(ACTION ITEM) Find "KAOS 85ft Princess Yacht For Sale" and "thecoverageinfo's tweet card." in the records below. Copy the lines holding them and every line between, exactly, and no others.

(EXCERPTED DATA)
++++++++
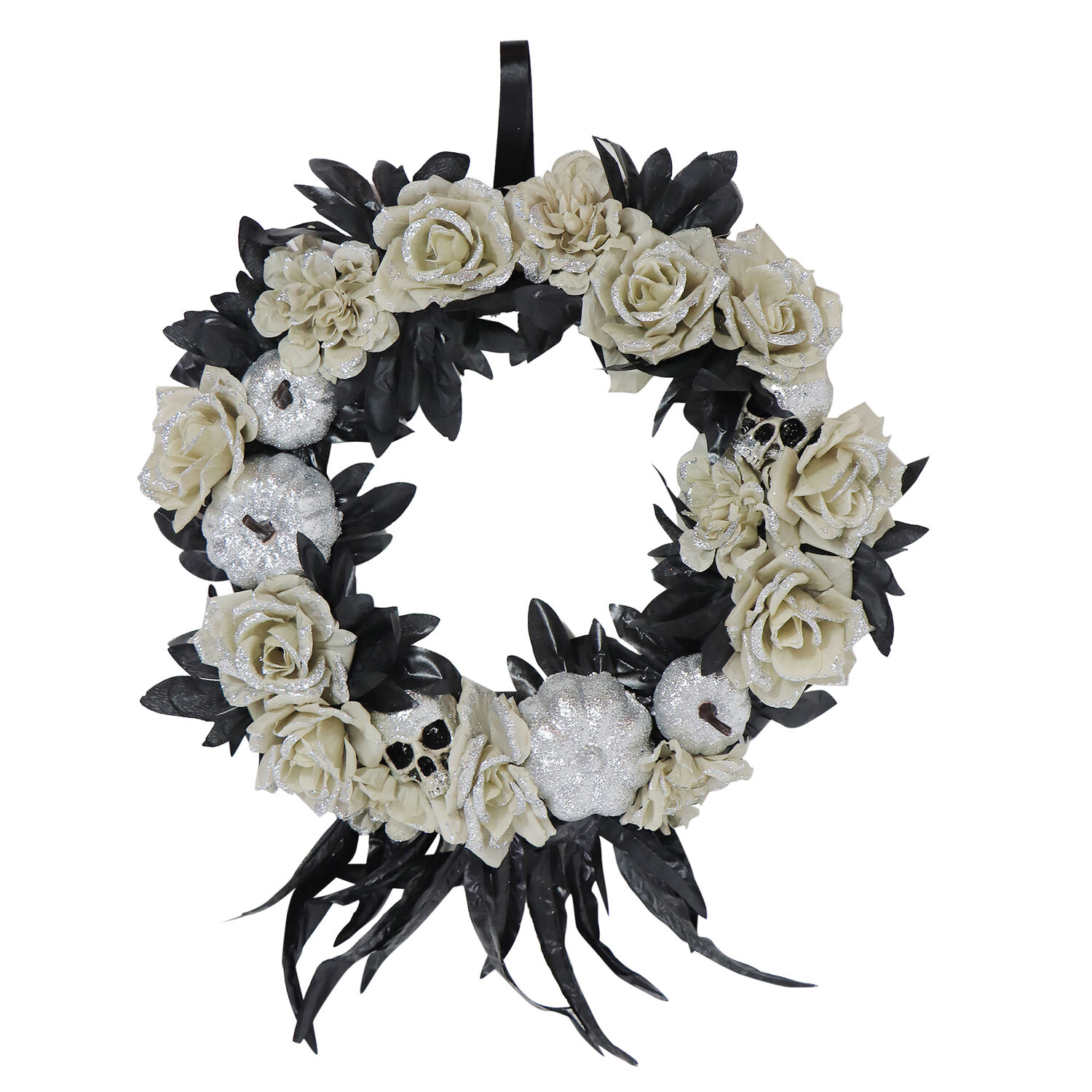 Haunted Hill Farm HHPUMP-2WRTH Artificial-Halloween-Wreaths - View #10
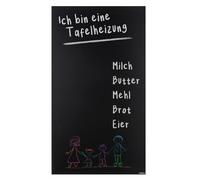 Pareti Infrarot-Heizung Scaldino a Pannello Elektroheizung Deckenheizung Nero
++++++++
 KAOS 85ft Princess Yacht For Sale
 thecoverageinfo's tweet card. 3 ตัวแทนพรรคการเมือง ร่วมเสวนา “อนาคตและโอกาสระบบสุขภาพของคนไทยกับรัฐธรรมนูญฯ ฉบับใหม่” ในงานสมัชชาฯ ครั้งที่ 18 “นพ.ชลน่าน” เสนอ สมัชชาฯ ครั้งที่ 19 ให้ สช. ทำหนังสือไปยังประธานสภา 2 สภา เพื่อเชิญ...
++++++++
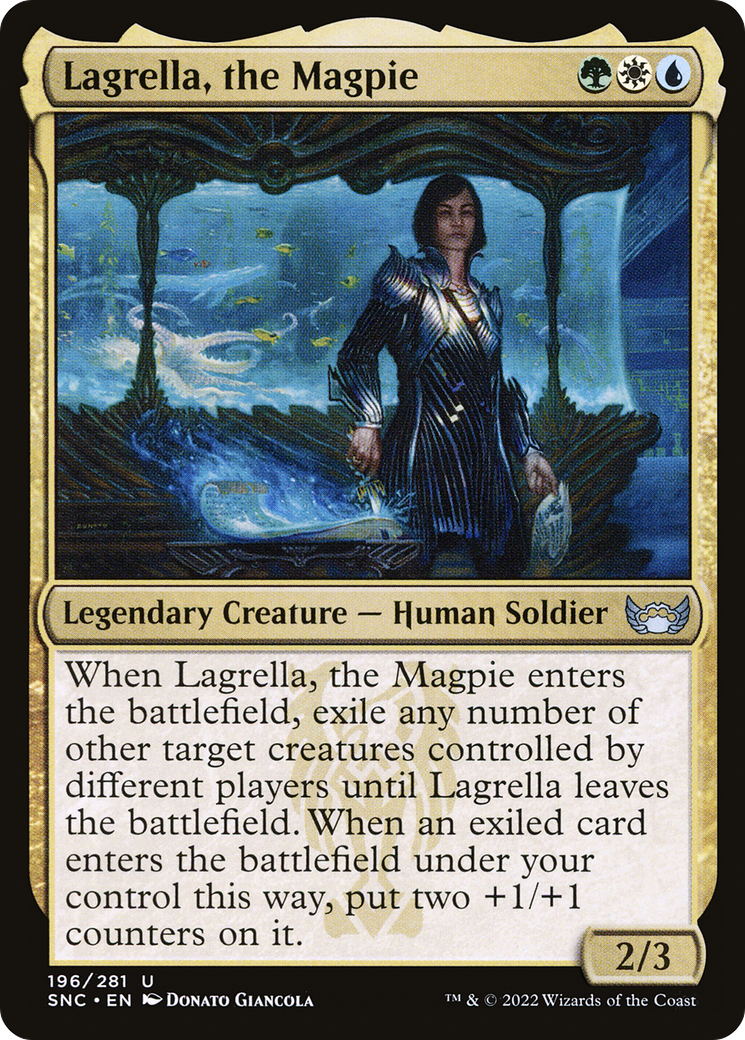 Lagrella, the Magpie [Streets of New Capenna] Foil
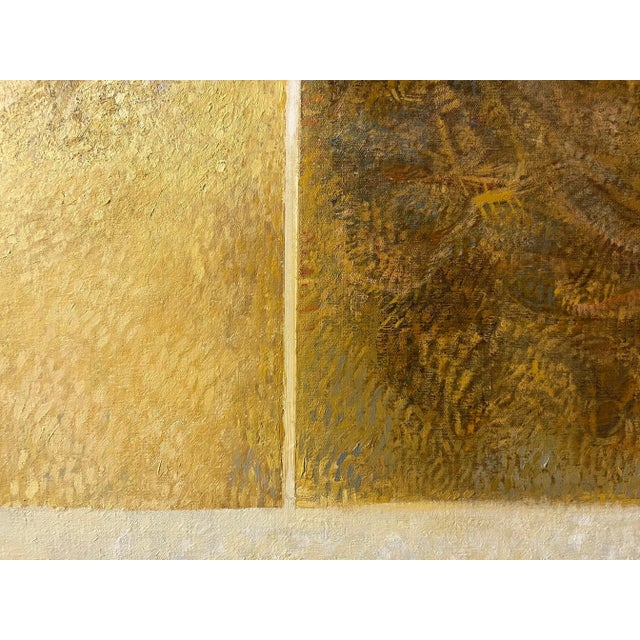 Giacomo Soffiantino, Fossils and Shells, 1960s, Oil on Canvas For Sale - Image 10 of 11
++++++++
(TASK OUTPUT)
 KAOS 85ft Princess Yacht For Sale
 thecoverageinfo's tweet card. 3 ตัวแทนพรรคการเมือง ร่วมเสวนา “อนาคตและโอกาสระบบสุขภาพของคนไทยกับรัฐธรรมนูญฯ ฉบับใหม่” ในงานสมัชชาฯ ครั้งที่ 18 “นพ.ชลน่าน” เสนอ สมัชชาฯ ครั้งที่ 19 ให้ สช. ทำหนังสือไปยังประธานสภา 2 สภา เพื่อเชิญ...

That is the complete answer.